Verizon (NYSE: VZ) has been a “disappointment” for investors in recent years. After flirting with $60 during the COVID pandemic, it bottomed out near $30 in late 2023 and is trading at about $44 currently.

As higher interest rates and fierce competition bruised the telecom giant, investors started viewing it more as a high-yield trap than a blue-chip staple.

However, 2026 has brought a dramatic reversal of fortune.

Under fresh leadership and a revitalized strategy, Verizon stock has transformed into a powerhouse “complete package” – blending robust growth with shareholder-friendly policies set to reward the patient.

Q4 earnings warrant buying Verizon stock

Verizon’s Q4 2025 earnings report, released today, was nothing short of a “mic drop” moment for the telecommunications firm.

The company didn’t just meet expectations – it shattered them by adding 616,000 postpaid phone subscribers – its best showing in six years.

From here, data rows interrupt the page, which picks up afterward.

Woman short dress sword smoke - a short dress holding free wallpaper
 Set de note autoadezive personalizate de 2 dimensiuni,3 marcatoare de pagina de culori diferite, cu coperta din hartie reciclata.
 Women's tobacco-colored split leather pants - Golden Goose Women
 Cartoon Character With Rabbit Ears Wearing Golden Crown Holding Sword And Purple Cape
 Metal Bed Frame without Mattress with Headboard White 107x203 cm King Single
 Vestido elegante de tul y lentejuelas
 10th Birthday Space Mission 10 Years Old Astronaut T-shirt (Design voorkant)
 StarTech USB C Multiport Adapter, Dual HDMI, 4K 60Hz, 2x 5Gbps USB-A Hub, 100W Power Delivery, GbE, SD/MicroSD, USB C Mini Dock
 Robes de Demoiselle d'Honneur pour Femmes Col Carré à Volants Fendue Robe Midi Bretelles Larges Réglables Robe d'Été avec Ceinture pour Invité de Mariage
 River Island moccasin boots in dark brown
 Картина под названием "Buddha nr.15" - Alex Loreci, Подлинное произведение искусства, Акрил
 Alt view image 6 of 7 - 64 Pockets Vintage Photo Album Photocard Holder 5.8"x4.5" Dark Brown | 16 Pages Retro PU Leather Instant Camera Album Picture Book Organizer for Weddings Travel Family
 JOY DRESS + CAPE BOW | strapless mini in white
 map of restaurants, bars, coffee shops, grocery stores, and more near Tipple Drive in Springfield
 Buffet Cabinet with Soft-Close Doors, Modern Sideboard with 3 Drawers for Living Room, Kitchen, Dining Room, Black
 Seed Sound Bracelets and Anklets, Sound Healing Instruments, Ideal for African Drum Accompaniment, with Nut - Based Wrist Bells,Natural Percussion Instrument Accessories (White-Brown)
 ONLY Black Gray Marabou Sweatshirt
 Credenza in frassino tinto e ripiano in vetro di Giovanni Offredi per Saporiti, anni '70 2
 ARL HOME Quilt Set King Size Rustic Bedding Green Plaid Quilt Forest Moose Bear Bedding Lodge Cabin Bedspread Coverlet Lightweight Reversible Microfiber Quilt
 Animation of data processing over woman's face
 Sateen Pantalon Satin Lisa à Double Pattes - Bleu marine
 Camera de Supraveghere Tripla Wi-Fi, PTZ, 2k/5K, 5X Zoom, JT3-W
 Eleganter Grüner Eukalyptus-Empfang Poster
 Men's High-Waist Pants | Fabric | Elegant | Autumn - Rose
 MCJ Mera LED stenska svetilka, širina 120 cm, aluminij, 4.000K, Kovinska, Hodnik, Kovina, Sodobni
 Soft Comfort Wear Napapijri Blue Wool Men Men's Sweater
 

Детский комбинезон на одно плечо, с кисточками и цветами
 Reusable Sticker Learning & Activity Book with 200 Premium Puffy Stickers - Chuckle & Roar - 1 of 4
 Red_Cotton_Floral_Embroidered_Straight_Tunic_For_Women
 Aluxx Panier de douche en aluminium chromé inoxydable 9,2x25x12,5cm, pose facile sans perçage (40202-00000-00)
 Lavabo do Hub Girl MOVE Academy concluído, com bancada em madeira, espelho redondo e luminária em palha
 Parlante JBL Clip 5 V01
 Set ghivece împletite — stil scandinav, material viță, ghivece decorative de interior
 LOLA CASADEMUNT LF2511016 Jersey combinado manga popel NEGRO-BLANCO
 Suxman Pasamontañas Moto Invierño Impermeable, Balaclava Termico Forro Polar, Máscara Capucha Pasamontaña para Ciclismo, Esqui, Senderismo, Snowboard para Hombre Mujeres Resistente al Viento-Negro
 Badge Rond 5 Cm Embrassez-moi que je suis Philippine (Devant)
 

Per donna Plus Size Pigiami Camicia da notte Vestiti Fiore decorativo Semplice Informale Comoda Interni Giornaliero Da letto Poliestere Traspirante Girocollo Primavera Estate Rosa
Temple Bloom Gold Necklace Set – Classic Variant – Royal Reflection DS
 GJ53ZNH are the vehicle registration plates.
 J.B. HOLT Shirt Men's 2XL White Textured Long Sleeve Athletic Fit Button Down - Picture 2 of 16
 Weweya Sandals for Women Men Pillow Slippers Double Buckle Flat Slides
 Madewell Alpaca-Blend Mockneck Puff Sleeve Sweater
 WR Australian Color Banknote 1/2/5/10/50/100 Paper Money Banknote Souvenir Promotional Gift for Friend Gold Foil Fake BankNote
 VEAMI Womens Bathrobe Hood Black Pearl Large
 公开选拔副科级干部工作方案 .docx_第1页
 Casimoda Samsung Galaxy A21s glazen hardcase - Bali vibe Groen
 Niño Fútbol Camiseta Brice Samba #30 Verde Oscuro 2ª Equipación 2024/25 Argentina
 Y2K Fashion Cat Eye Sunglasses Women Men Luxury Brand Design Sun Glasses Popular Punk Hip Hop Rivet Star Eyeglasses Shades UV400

This momentum is fueling a massive financial lift for 2026.

Verizon’s guidance for adjusted EPS of $4.90 to $4.95 is meaningfully “higher” than what analysts expected, proving it has finally figured out how to grow volume without sacrificing margins.

With free cash flow projected to hit at least $21.5 billion, the balance sheet is also looking healthier than ever, making VZ stock even more attractive for long-term investors.

VZ shares are worth owning on buyback announcement

Verizon shares are worth loading up also because the firm’s management is no longer just talking about “deleveraging”; it’s putting its money where its mouth is.

Alongside stellar earnings, VZ’s board authorized a staggering $25 billion stock buyback program. This is a massive psychological win for investors who have watched the share count stagnate for years.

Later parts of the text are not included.